- **EXERCISE DETAILS**
Pictures are not part of the copy; reproduce the remaining data exactly.

- **DATA SECTION**
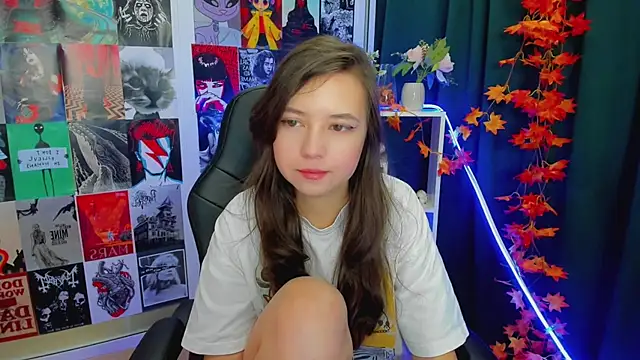 Snapshot of Lina_Brownie chatting on December 20, 2024, 2:19 am Lina Brownie online show from December 20, 2024, 2:19 am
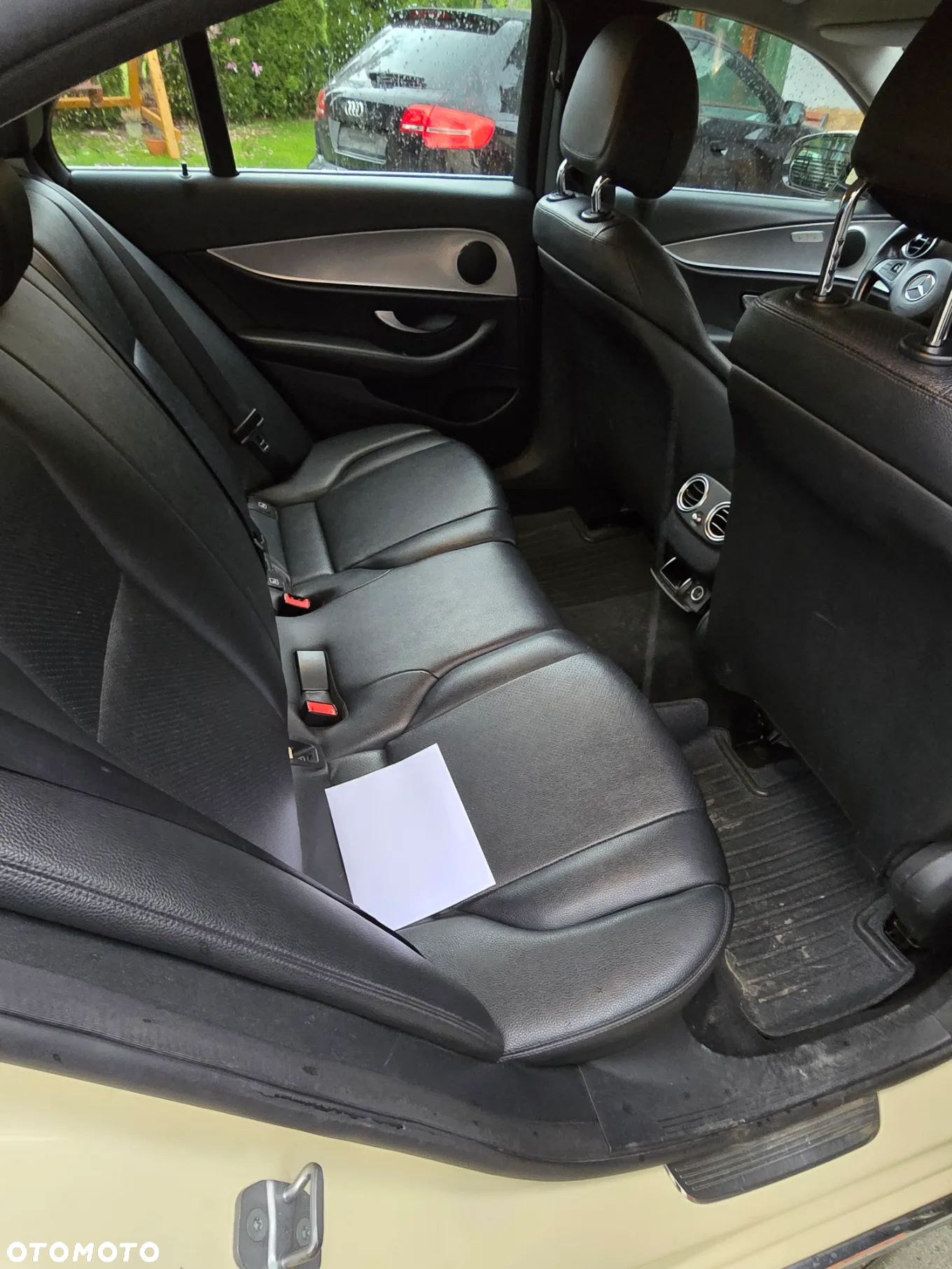 Mercedes-Benz Klasa E 200 d 9G-TRONIC Exclusive - 10
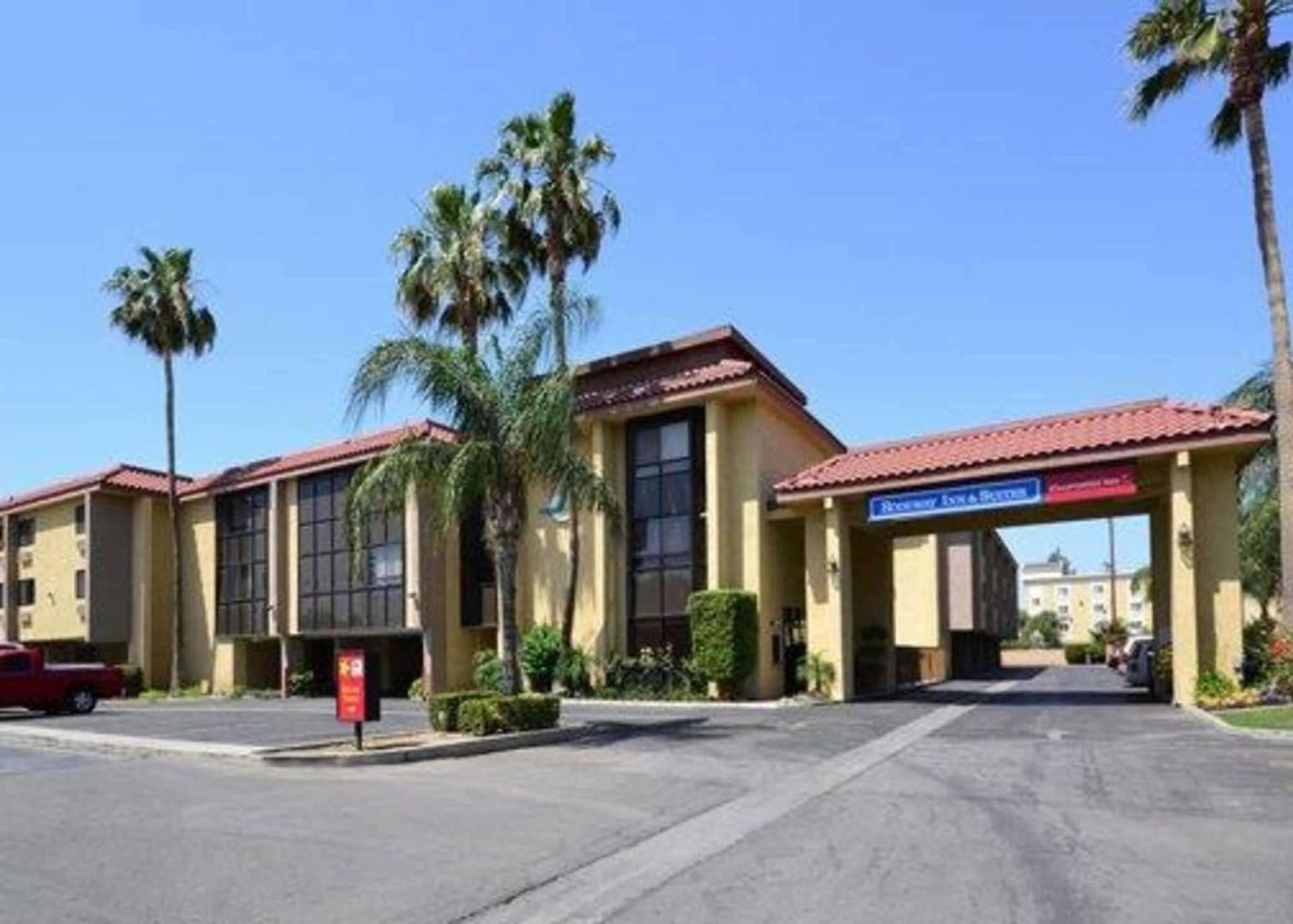 California Inn and Suites Bakersfield — hotel in Bakersfield, California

- **REPLY TO THE EXERCISE**
 Snapshot of Lina_Brownie chatting on December 20, 2024, 2:19 am Lina Brownie online show from December 20, 2024, 2:19 am
 Mercedes-Benz Klasa E 200 d 9G-TRONIC Exclusive - 10
 California Inn and Suites Bakersfield — hotel in Bakersfield, California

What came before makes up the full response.